Top of Data to use

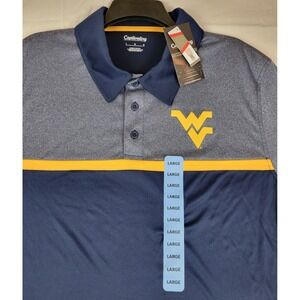 Captivating West Virginia Mountaineers Polo Shirt Mens Large Blue Grey WVU NWT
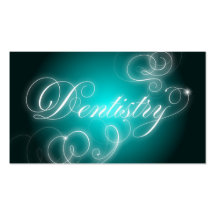 Dentistry Business Card Elegant Flourish Glow Teal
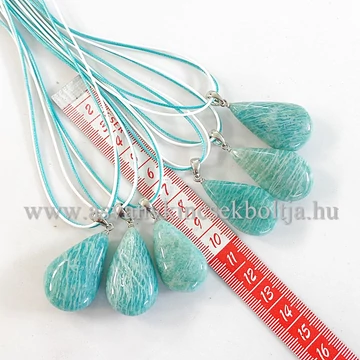 Amazonit csepp medál 50 cm dupla viaszolt szálon Amazonit csepp medál 50 cm dupla viaszolt szálon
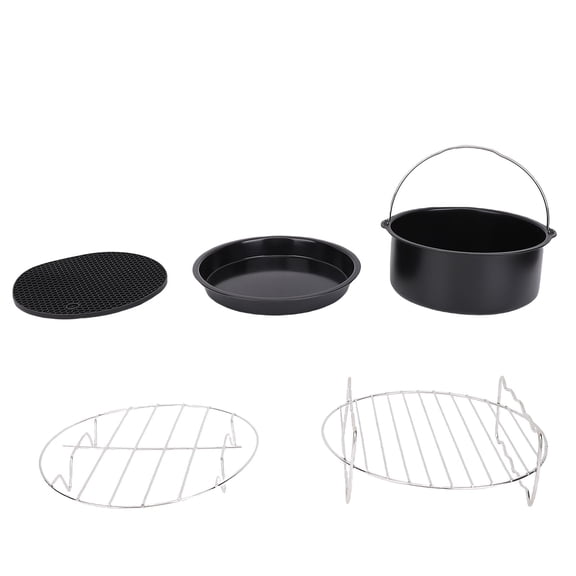 BOKYAN 8-Inch Fryer Accessories Set 6-Piece Kit, Includes 304 Stainless Steel Cake Pan, Pizza Pan, Skewer Rack, Grill Rack and Silicone Mat for 8 Inch Fryers (7.72 in / 19.6 cm)
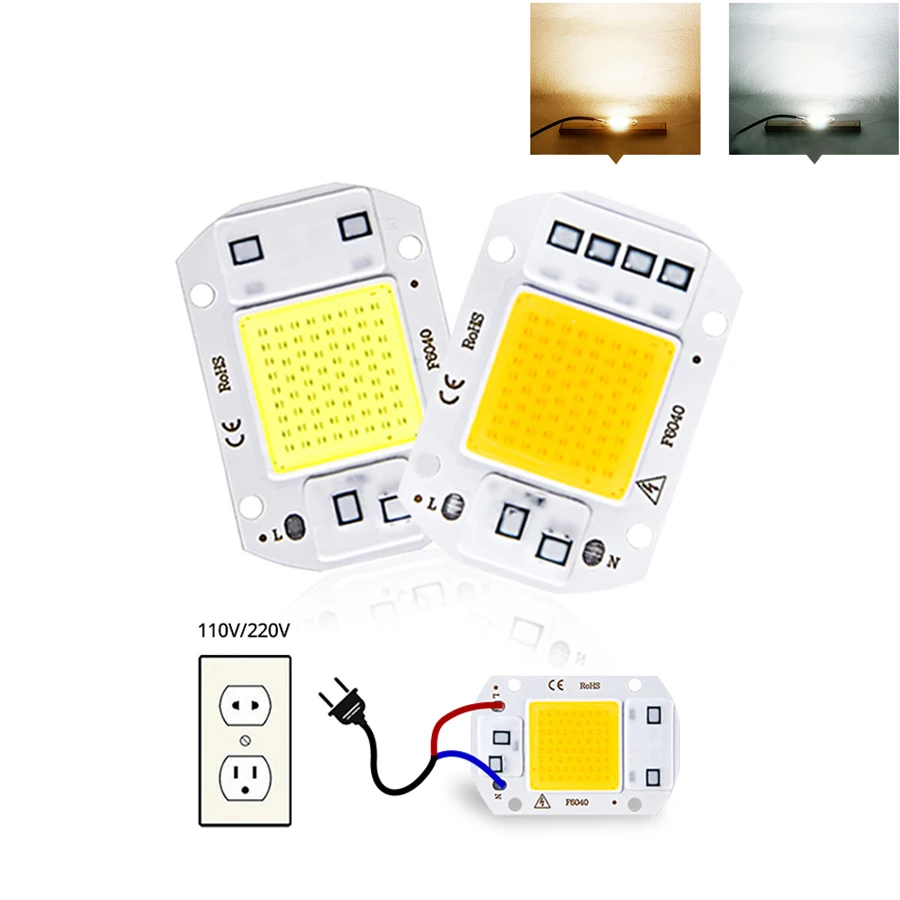 Lampa LED COB koralik 20W 30W 50W AC 110V 220V bez potrzeby kierowcy DIY światło halogenowe reflektor żarówki Led zimny ciepły biały lampa układowa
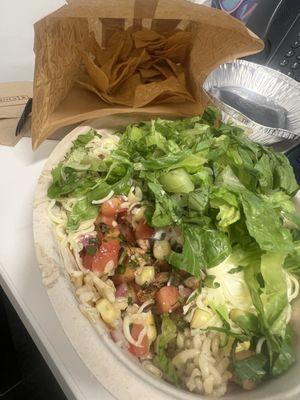 Burrito bowl and chips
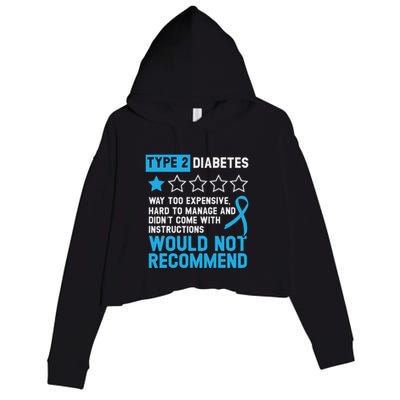 Type 2 Diabetes T2d Warrior Diabetes Awareness Crop Fleece Hoodie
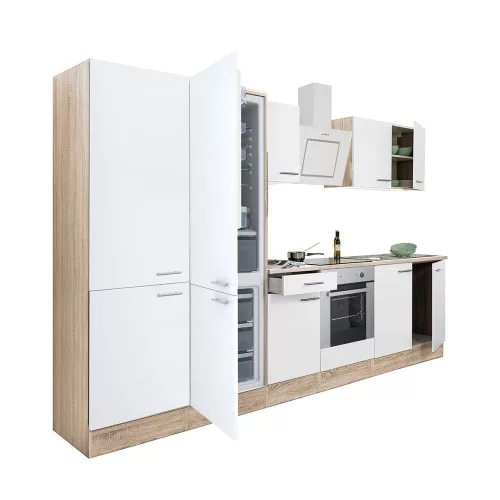 Yorki 330 Küchenzeile mit unterem Backofen, Sub-Kühlschrank mit Kühlschrank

Bottom of Data to use

▶ _Exercise instructions_: Exact reproduction of the entries above is required, with pictures excluded.

▶ _Solution for this exercise_:
 Captivating West Virginia Mountaineers Polo Shirt Mens Large Blue Grey WVU NWT
 Dentistry Business Card Elegant Flourish Glow Teal
 Amazonit csepp medál 50 cm dupla viaszolt szálon Amazonit csepp medál 50 cm dupla viaszolt szálon
 BOKYAN 8-Inch Fryer Accessories Set 6-Piece Kit, Includes 304 Stainless Steel Cake Pan, Pizza Pan, Skewer Rack, Grill Rack and Silicone Mat for 8 Inch Fryers (7.72 in / 19.6 cm)
 Lampa LED COB koralik 20W 30W 50W AC 110V 220V bez potrzeby kierowcy DIY światło halogenowe reflektor żarówki Led zimny ciepły biały lampa układowa
 Burrito bowl and chips
 Type 2 Diabetes T2d Warrior Diabetes Awareness Crop Fleece Hoodie
 Yorki 330 Küchenzeile mit unterem Backofen, Sub-Kühlschrank mit Kühlschrank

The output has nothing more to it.